I grew up with plum trees and feel confident to prune them, but quinces, being pome fruit like apples and pears, are a little trickier. They fruit on year-old spurs, which you have to be careful not to cut off. Fortunately, these spurs are quite distinctive. They are 10-15 cm long, somewhat flattened, and the tip is broader than the rest of the twig. You can see one in the photo of scale below, pointing to the right. Branches, of course, taper to the tip.

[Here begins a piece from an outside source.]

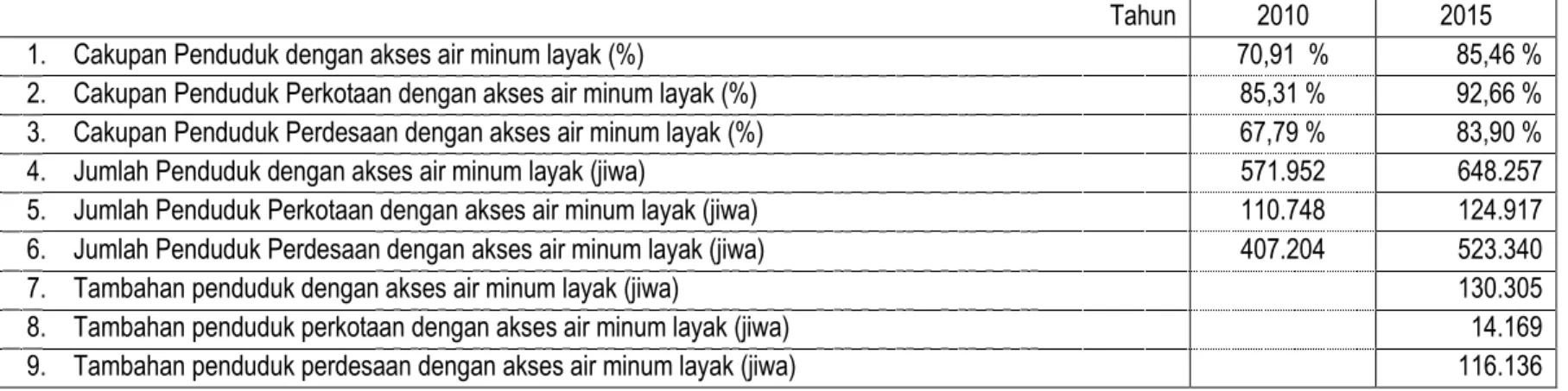 Tabel 16. Proyeksi Kebutuhan Air Minum Kabupaten Temanggung sampai dengan Tahun 2015 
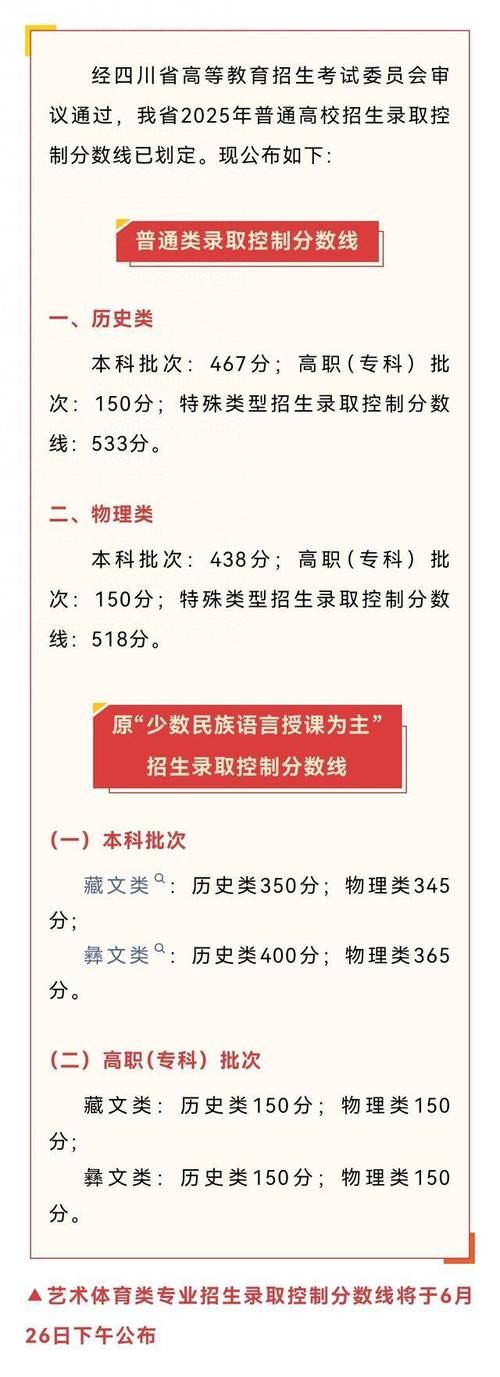 四川省2025艺考人数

For the last few years, I have been (roughly) following pruning instructions from the Gardening Australia article about quinces. Here is my version of that pruning method:

Year One
  1. Plant your sapling. We'd do this in autumn to allow the tree to develop a good root system ahead of the summer heat. I'd prune it fairly hard, but not so hard that I can't tell whether it's survived!
  2. In late winter, prune to a single short trunk. While the orchardist in the article gives his trees a very short trunk, 60cm, he probably isn't picking up footballs, chickens or anything else from under his trees. I think 1m or more is a better trunk height for a tree in a home garden, but it depends a bit on your height and what you expect to be seeking under your tree, as well as how high you can reach to pick the fruit.

Year Two
    There should be 3-5 healthy branches growing near the top of the trunk. Prune off all the rest, then shorten these framework branches to 50cm, with an outward-facing bud at the top of each. This should give the plant a Y-shape when you look at it from the side, and this is your vase shape.

Subsequent Years
  1. Don't cut off the stubby little fruiting spurs!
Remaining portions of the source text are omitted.